A few months ago, Propublica’s industrious investigative reporter Jesse Eisinger was also among those who wondered aloud about Standard & Poor’s reliability:

As everyone knows by now, the credit ratings agencies played an enormous role in creating the conditions that led to the financial crisis. Their willingness to slap triple A ratings on all manner of Wall Street-engineered mortgage rot was enormously lucrative for the raters but a disaster for the global economy.

Then comes yesterday, and an august decision by S&P is worldwide news, with what consequences we shall see in the coming days, weeks, months, and years.

I am not a specialist on ratings agencies. Oh, am I not a specialist on ratings agencies. I’m not saying that Standard & Poor’s is always wrong. (Or right.) But I have a more general skepticism. I can’t help wondering why our news media treat ratings agencies as nature’s own foolproof, built-in thermometers. Would it not be interesting to help followers of the news understand what a ratings agency is, why it has come to have credibility, and how good its record is? What should we make, for example, of the fact that S&P has downgraded American credit but Moody’s and Fitch have not? I don’t pretend to know. But the question is surely part of the story of what it means that AAA sank to AA+.

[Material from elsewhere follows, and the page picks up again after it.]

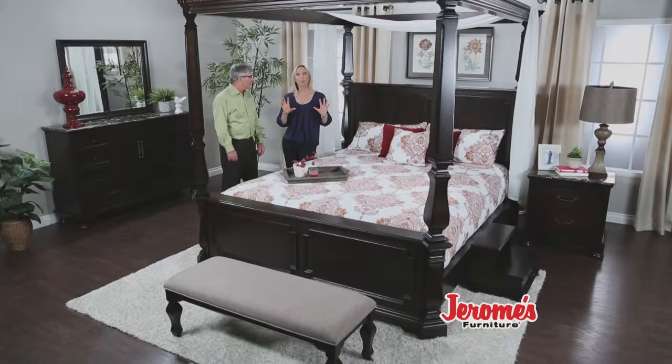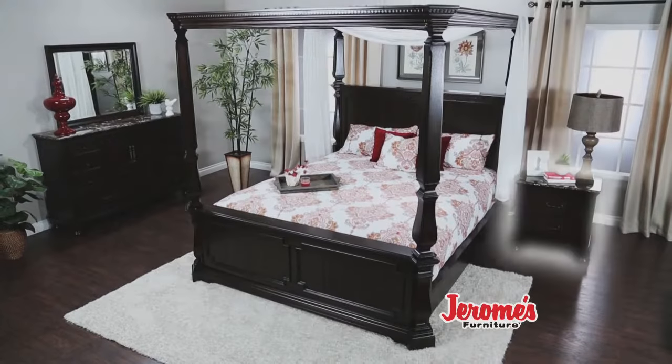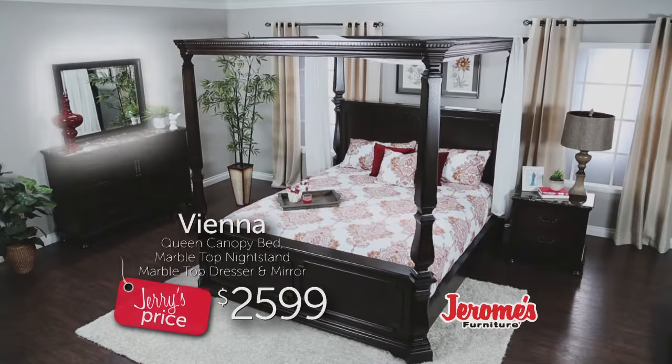Jerry, when I first saw this bed, I was like, whoa, this thing makes a statement. You get the big three-in-one canopy bed, the nightstand with marble, the big dresser with marble, the mirror.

I argued the other day that experts like Alan Greenspan and Arthur Laffer don’t deserve a free ride. Their gross errors ought to be part of any story that cites them. Well, ratings agencies are the same. They are human enterprises, fallible institutions—and like other institutions, they have procedures, interests, and histories. Their records deserve inspection. In the scientific spirit, in the spirit of show me, they deserve scrutiny.

Perhaps I pass myself off as a bit too modest. A number of years ago, I wrote a study of the television entertainment industry, which included an attempt to figure out what Nielsen ratings and other network research were good for, given the fact that some of the most successful shows in the history of the networks (most famously All in the Family) had been rated poorly by test audiences. Nielsen was famously close with its data, but the most interesting thing I discovered was that network executives didn’t really care. For their purposes, the ratings didn’t have to be accurate. They had to be good enough to settle an argument, good enough to support hunches, good enough to brandish in a meeting, good enough to silence skeptics. Good enough. In other words, they’re material for decision-making purposes—deemed better than nothing for the purpose of shoring up confidence that the networks made good decisions.

Toward the end of making them seem features of nature, ratings agencies promote their ratings, which are, after all, their products. They market them as the holiest writ they can. Having won the confidence of various players, they pyramid this confidence into more confidence, in a sort of confidence game. It’s been argued, in fact, that one cause of the housing bubble was the effort of one ratings agency to promote its own quantitative measure of creditworthiness worldwide. (The argument by Martha Poon is a bit technical but repays study.)

All this should be taken on when ratings themselves, in all their apparently coldness, hardness, and impersonality, are The Story.